M(onopoly) TV?

Several of the nation’s biggest record companies clearly want more than their MTV. Having complained for several years that many of their new acts weren’t getting played on cable’s premier music channel, a handful of labels have teamed with Ticketmaster to launch a rival service by January. The partners include Warner Music Group, Sony Music […]

Several of the nation's biggest record companies clearly want more than their MTV.

Having complained for several years that many of their new acts weren't getting played on cable's premier music channel, a handful of labels have teamed with Ticketmaster to launch a rival service by January.

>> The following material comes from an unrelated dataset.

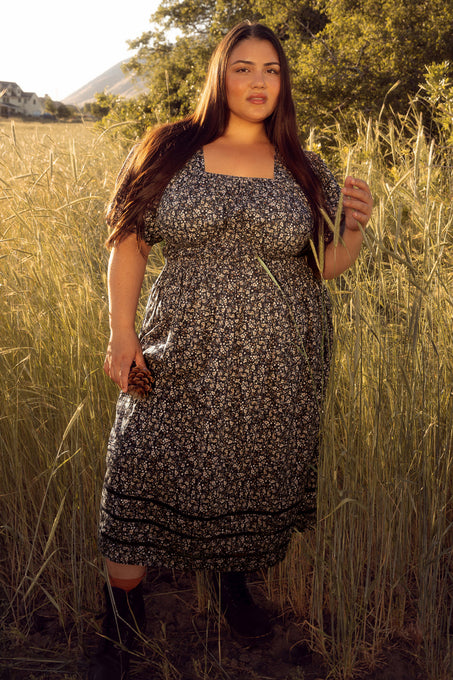 Woman in a floral dress standing in a field with tall grass and trees in the background.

The partners include Warner Music Group, Sony Music Group, EMI Music, and PolyGram Holding Inc., as well as Bertelsmann Music Group (BMG), which agreed to join in late June after scuttling a proposed channel of its own that was to have been formed with Tele-Communications Inc.

Even though, as Wired goes to press, the new venture doesn't yet have a name, a management team, or commitments from cable operators, its existence is causing a stir in the music business, where talk of monopolistic business practices can be heard.

"If their intent is to somehow control the flow of content and create a channel where they get the first window on videos, it'll be a real problem," says Les Garland, who helped launch MTV and now runs Video Jukebox Network Inc., and whose show, The Box, gets 50 to 60 percent of its videos from the big labels.

For their part, the record companies deny such motives. "We don't want to corner the market," says Joel Schoenfeld, BMG's general counsel. "But we do want the best exposure for our video products."

And one other thing: the labels want to start a "pay-for-play" system, which means MTV and others will have to fork over fees to copyright holders. And who are these copyright holders? In most cases, the big labels.

So far, MTV officials have been diplomatic but firm, saying that there won't be a problem so long as videos remain available. Besides, MTV has been moving away from its traditional reliance on videos as a primary form of programming.

"MTV knows it'll be harder to get videos," says Dave Marsh, who publishes Rock 'n' Rap Confidential, an industry newsletter. "The primary suppliers of videos are about to go into the same business."

It's a point that hasn't gone unnoticed in Washington. The Justice Department's antitrust division has begun an inquiry into the record companies' planned venture. And the same House subcommittee holding hearings on charges that Ticketmaster is an unfair monopoly is also expected to turn its attention to the big labels.